Consider what your local market will support. 

Keep in mind that patients don’t have bottomless pockets. While they may be willing to shell out a little extra money to receive high-quality care, there’s a limit to what they’ll pay—and that is largely dictated by your local market. Consider the income levels of your patients. If your clinic is located in a higher-income neighborhood, you may be able to charge a little more for your services. Conversely, if you’re located in a lower-income neighborhood, you’ll want to keep your prices lower and more accessible to your patient population.

Additionally, sneak a look at your cash-pay competitors and figure out what they’re charging for the services you want to offer. If there’s some service overlap, be sure to price within a small range of their fee schedule. You don’t want to scare patients away with high prices when a nearby competitor offers the same services for significantly less. 
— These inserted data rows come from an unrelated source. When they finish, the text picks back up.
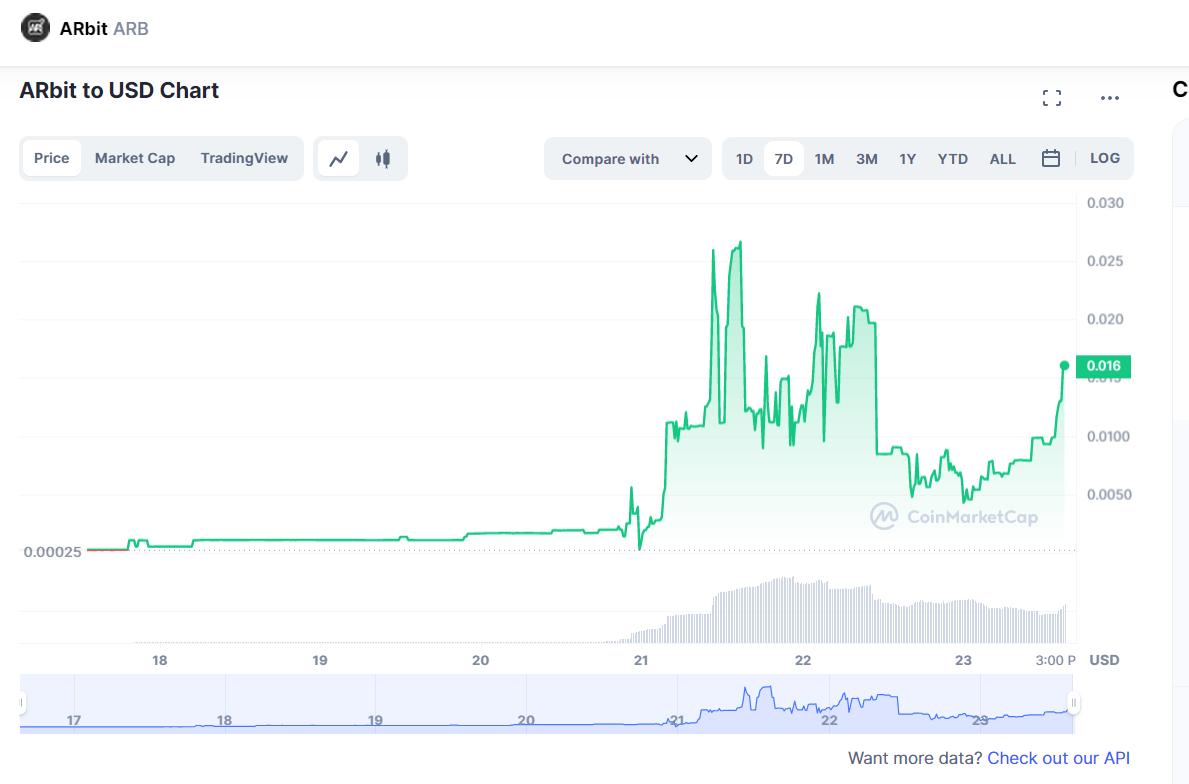 被误认为是 Arbitrum（ARB）的已死亡老项目 ARbit (ARB) 近 7 日异常暴涨百倍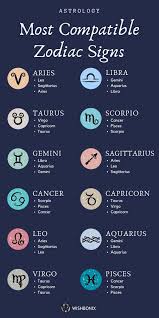 Cancer has a lot of feelings and emotions. Manifestation Magic Review 2 0 So How Powerful Is This In 2021 Most Compatible Zodiac Signs Compatible Zodiac Signs Zodiac Signs
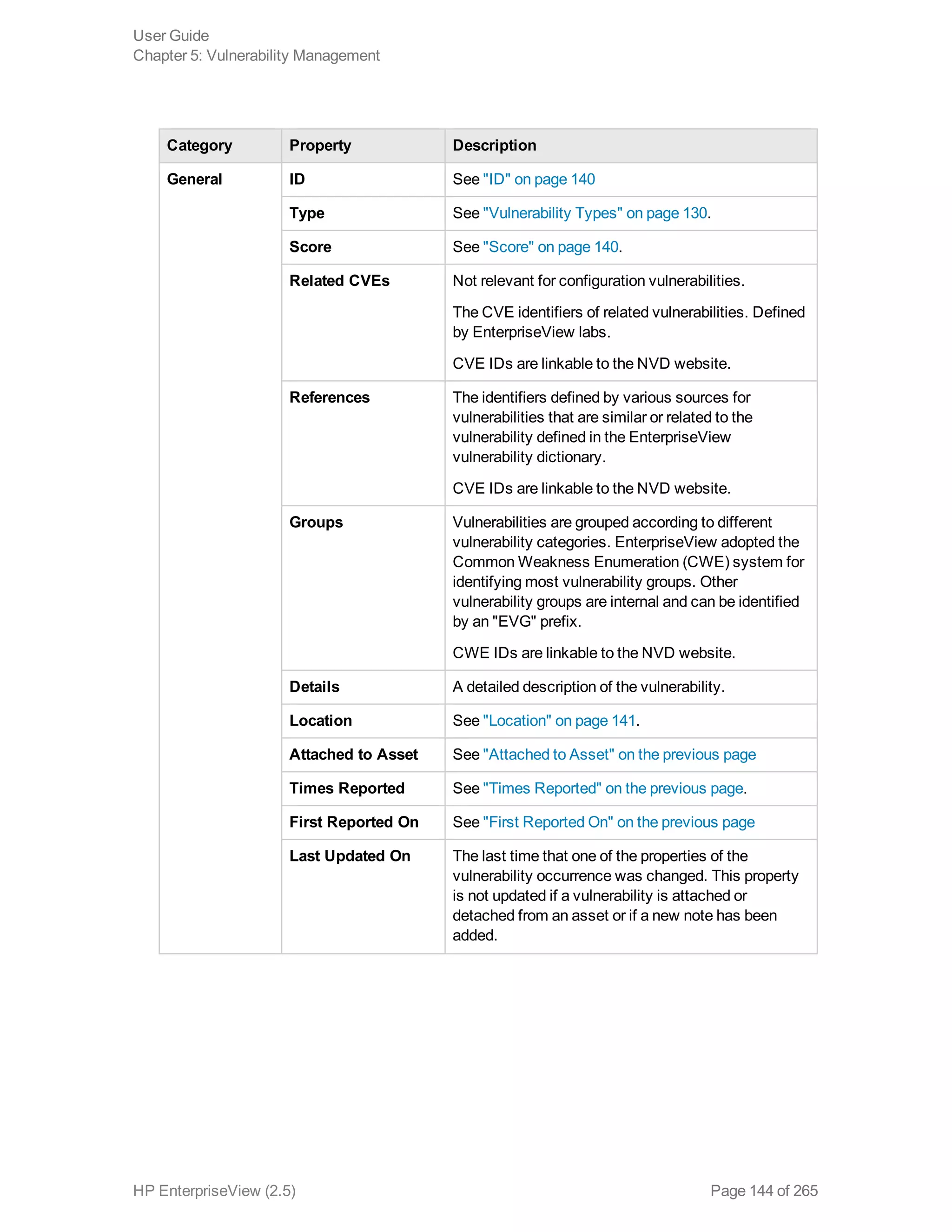 Category Property Description
General ID See "ID" on page 140
Type See "Vulnerability Types" on page 130.
Score See "Score" on page 140.
Related CVEs Not relevant for configuration vulnerabilities.
The CVE identifiers of related vulnerabilities. Defined
by EnterpriseView labs.
CVE IDs are linkable to the NVD website.
References The identifiers defined by various sources for
vulnerabilities that are similar or related to the
vulnerability defined in the EnterpriseView
vulnerability dictionary.
CVE IDs are linkable to the NVD website.
Groups Vulnerabilities are grouped according to different
vulnerability categories. EnterpriseView adopted the
Common Weakness Enumeration (CWE) system for
identifying most vulnerability groups. Other
vulnerability groups are internal and can be identified
by an "EVG" prefix.
CWE IDs are linkable to the NVD website.
Details A detailed description of the vulnerability.
Location See "Location" on page 141.
Attached to Asset See "Attached to Asset" on the previous page
Times Reported See "Times Reported" on the previous page.
First Reported On See "First Reported On" on the previous page
Last Updated On The last time that one of the properties of the
vulnerability occurrence was changed. This property
is not updated if a vulnerability is attached or
detached from an asset or if a new note has been
added.
User Guide
Chapter 5: Vulnerability Management
HP EnterpriseView (2.5) Page 144 of 265
 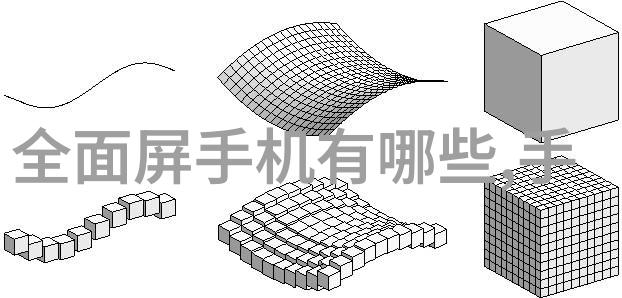 工业用烟雾净化器系统简介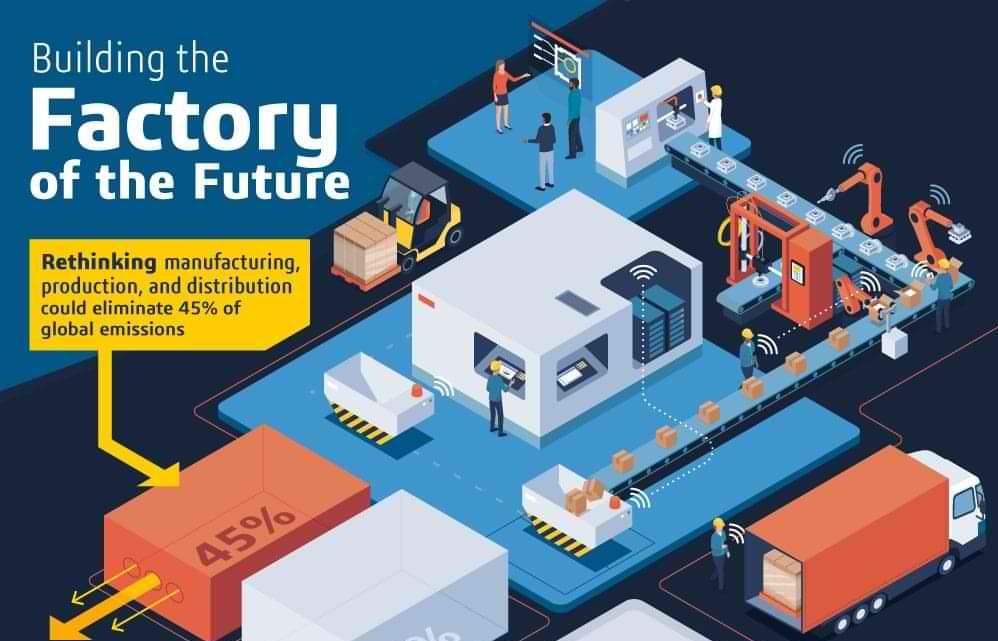The Future of Factories [Infographic] - Business2Community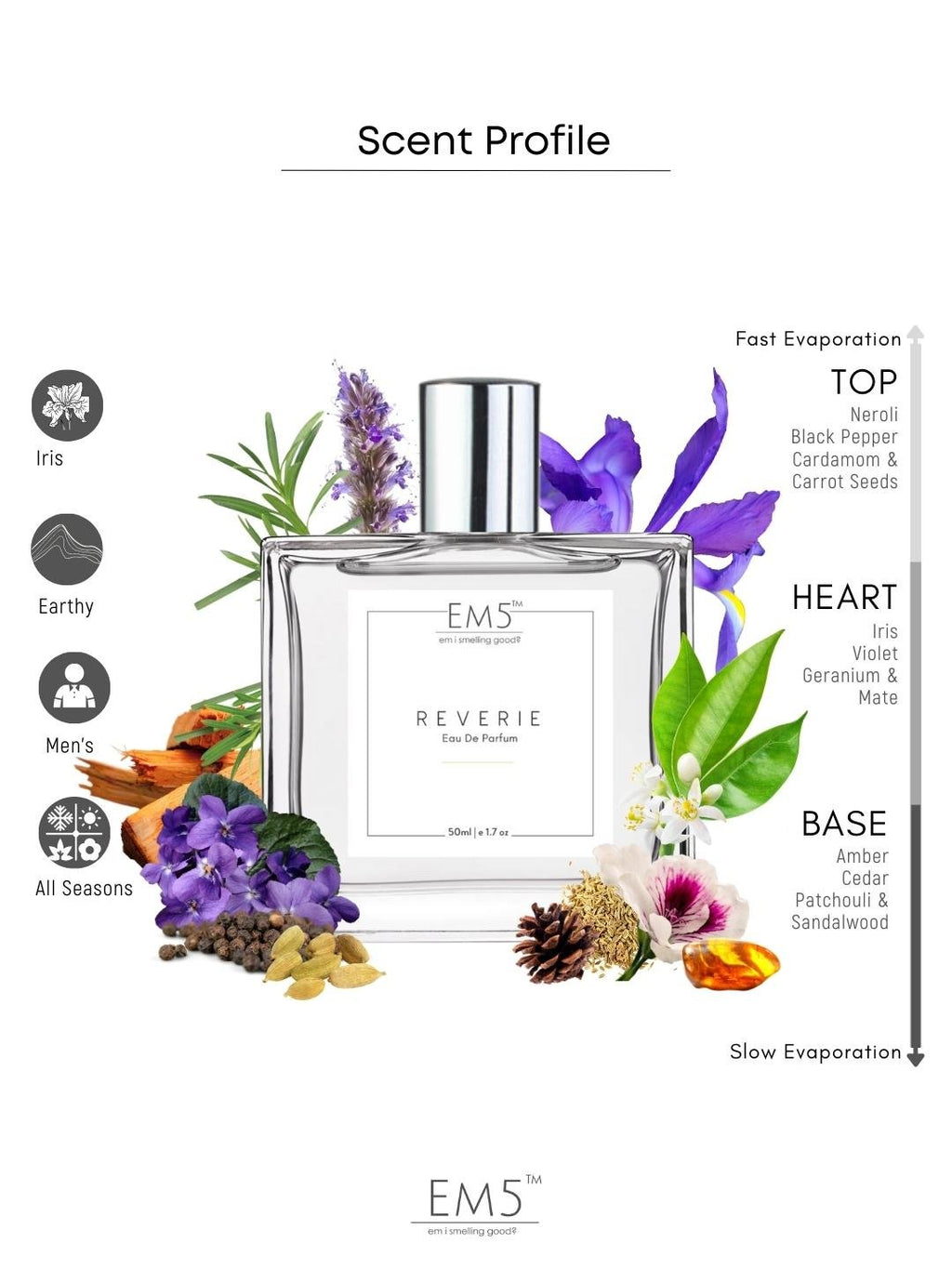 EM5™ Reverie Perfume for Men | Eau De Parfum Spray | Powdery Iris Fresh Spicy Fragrance Accords | Luxury Gift for Him | Sizes Available: 50 ml / 15 ml - House of EM5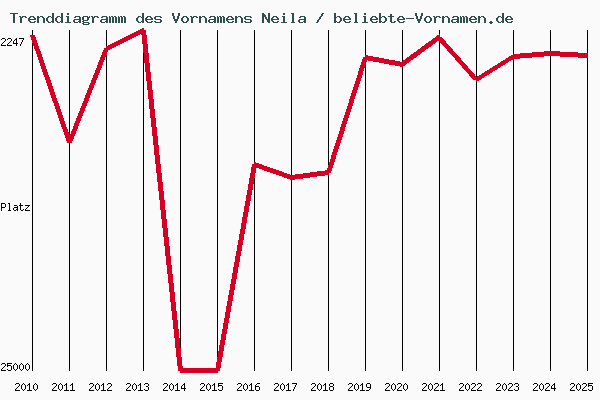 Trenddiagramm des Vornamens Neila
Keep your pricing transparent. 

Over the last few years, healthcare pricing transparency has evolved into a pretty hot topic. While there aren’t many pricing transparency laws that affect outpatient therapists, that may not always be the case. So, when setting your fee schedule, consider creating a menu for cash-pay services and letting patients have full access to it. This will put you ahead of the legislative curve—and your patients will appreciate knowing more about their healthcare costs. 

Expect to make some legal considerations. 

While cash-pay providers can side-step many of the restrictive regulations that govern the lives of contracted providers, they still must follow some legal rules and guidelines. For one, Wallace warns, hybrid cash-pay providers (i.e., those who still hold some payer contracts) should not bill patients who are insured by contracted payers. In other words, if a provider is still a BCBS preferred provider, then they should not accept cash payments from a patient who is insured under BCBS—even if the patient has a large deductible. This is because many provider agreements explicitly forbid providers from collecting cash payments from covered patients.

Be mindful of Medicare.   

Medicare can be problematic for fledgling cash-pay providers, too. According to Wallace, “If you have billed Medicare under your NPI number within the last two years, you may still fall under your Medicare participation agreement. That means you may not bill Medicare for services that are normally covered.” To learn more about the nuances of Medicare and cash-pay, check out this article.

Setting a cash-pay fee schedule may feel intimidating, but all it takes is a little research and some thoughtful planning. The world of cash-pay has ample opportunities for rehab therapists. Are you ready to carve out your share?

Before you set off into the world of cash-pay PT, let me—or rather, John Wallace—leave you with one final nugget of advice: be sure to collect 100% of your fee at the time of service!